護ると決めたら護る。相手が神だろうと悪魔だろうと、自虐している妹だろうと。

 力を手にしたときに心に刻み込んだ決意。

 

 

 

 

 ボロボロと涙を流し、パピリオは縁側から足を踏み出した。同時に身を起こした横島が頬を叩き、立ち上がろうとしていた。

 

「ヨコシマに、何がわかるんでちゅか!」

「わかるっていいたいところだけどな。結局わかったつもりになってるだけだろうな」

「だったら、余計なこと言うんじゃないでちゅよ!」

「いーや、言ってやる! お前が元気になるためだったら何だってやってやらあ!」

「余計なお世話でちゅ!」

 

 パピリオの叫びと共に再び放たれる霊波砲。放っていることを自身で意識しているのかいないのか、狙いをつけられずに放たれているためか、かわすことは容易かった。一歩歩みよる。

 

「私は……寂しくなんかないんでちゅ!」

「隠すんじゃねえよ。丸わかりだ」

「だって、私は……アシュ様の娘だから……冥界の指示に従わないと、駄目なんでちゅ」

「違うだろ。お前が誰だって、何言われてるんだってのは関係ねえだろ! 寂しいんならそう言えよ、甘えろよ!」

 

 涙を流し、声を詰まらせるパピリオの姿に、横島は怒りを覚えた。本当に冥界の指示とやらでパピリオが寂しい思いを押しこめていたのならば、一言言ってやりたい気分だった。

 

「そんな、こと……できないでちゅ」

「甘えたいってのがそんなひでえことなんかよ。そんなわきゃねえだろ!」

「だって私にはベスパちゃんとヨコシマしかいない、いないんでちゅ! 我儘言えないんでちゅ!」

 

 再度放たれる霊波砲。パピリオ自身が制御していないためか、いつ放たれるかが読めない。それでも横島はサイキックソーサーで弾き、また一歩歩みよる。

 あと十数歩。

 

「いるよ。お前と仲良くしたいって、家族になりたいって考えてる人はいるんだ」

「え……?」

「小竜姫様だよ。同情だの憐れみだのじゃねえぞ。あの人はそんなん考える人じゃねえ」

「小竜姫、が?」

「厳しいって言っていたよな。あの人は真面目だから、手ぇ抜けないんだよ」

「……」

「でも不器用だからお前との付き合い方がわからないだけなんだ。責任感強い人だから任されたお前を守りたいって、優しい人だから仲良くなりたいって、俺やベスパみたいにお前に甘えられるようになりたいって思ってんだよ!」

「そ、そんなはずない! だって、私は逆天号で妙神山を消滅させたんでちゅよ!?」

「腹ぁ割って話してみろよ! 誰だって言われなきゃ、話さなきゃわからねえんだ!」

 

 ベスパと再会した時、言葉にしなくても伝わるものはある、と言っていたがそれは特殊な場合である。誰もが皆、伝えたい気持ちを伝えられない言葉に、もどかしさに悩んでいるのだ。

 あと、数歩。

 

「そんな……そんなこと」

「真面目で融通がきかなくて冗談も通じないけどな、優しい人だ。悪いようにはしないでくれるだろ」

「私……わ、たし……」

「?」

「う、うわあああぁぁぁぁんっ!」

「のわーっ!」

 

 横島の言葉が通じたのか、パピリオは考え込むように言葉が出ないようであった。だが、自身の想定の外にあった事実を告げられ、パピリオの心は千地に乱れてしまっていたようだ。

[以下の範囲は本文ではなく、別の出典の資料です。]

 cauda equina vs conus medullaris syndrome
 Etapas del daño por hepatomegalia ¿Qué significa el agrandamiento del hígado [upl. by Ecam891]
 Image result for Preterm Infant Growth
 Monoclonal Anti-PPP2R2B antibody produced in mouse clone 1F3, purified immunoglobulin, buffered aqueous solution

 慟哭と共にパピリオの全身から霊波が放出される。それは物理的な圧力となって近くにいた横島を弾き飛ばすかに思え、横島も衝撃に備えようと目を瞑るも一向に来ない。

 

「ありゃ?」

 

 恐る恐る目を開けてみれば、泣き叫ぶパピリオから霊波は確かに放たれているのだが、それはまるで向かい風に立ち向かうほどの威力。

 人一人を吹き飛ばすことは容易くできそうな暴威を秘めているはずなのに、横島は吹き飛ばされることもなくその場にいることができていた。

 

(これが、あれ(・・)か。よくわからんけど、霊圧を“防”いでくれてるんなら──っ!)

 

 パピリオの霊圧放射を無効化できている今ならば、数歩歩けばパピリオに手を差し伸べられる。勢い込む横島だが、踏み出した足が鈍り、その数歩がとても遠く感じた。

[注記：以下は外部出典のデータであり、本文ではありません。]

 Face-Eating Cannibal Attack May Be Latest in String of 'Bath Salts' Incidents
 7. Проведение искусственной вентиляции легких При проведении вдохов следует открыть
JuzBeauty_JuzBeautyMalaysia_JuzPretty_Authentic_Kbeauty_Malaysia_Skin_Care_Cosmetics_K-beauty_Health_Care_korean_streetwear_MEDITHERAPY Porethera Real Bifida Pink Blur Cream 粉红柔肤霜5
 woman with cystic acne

 急激に霊力が削られていく。さらには頭の中に楽団でもいるかのような頭痛がしだした。

 音が出るほどに歯を食いしばり、弱気にくじけそうになる心を叱咤して、一歩、また一歩と霊波を放出するパピリオへ歩み寄る。

 泣き叫ぶパピリオは痛々しいほどに身体を震わせていた。そんな姿は見たくないし、させていたくない。やめさせるためにも一刻も早く抱きとめてやりたいのに、

 

(あと……もう少し、もう少しなんだけど)

 

 あと一歩、たったの一歩近づくだけで泣き叫ぶ妹を抱きしめてあげられる。だというのにその一歩が遠い。

 霊力は間もなく底をつき、頭痛は激しさを増して縄で絞めつけられているかのよう。凪いでいた暴威が少しずつ横島の体を押しのけようとしてきていた。

 

(一歩……だけでいいのに)

 

 相当な重量の荷物を担いでなお身軽に動ける身体能力を持つ横島であるが、あとたったの一歩が踏み出せない。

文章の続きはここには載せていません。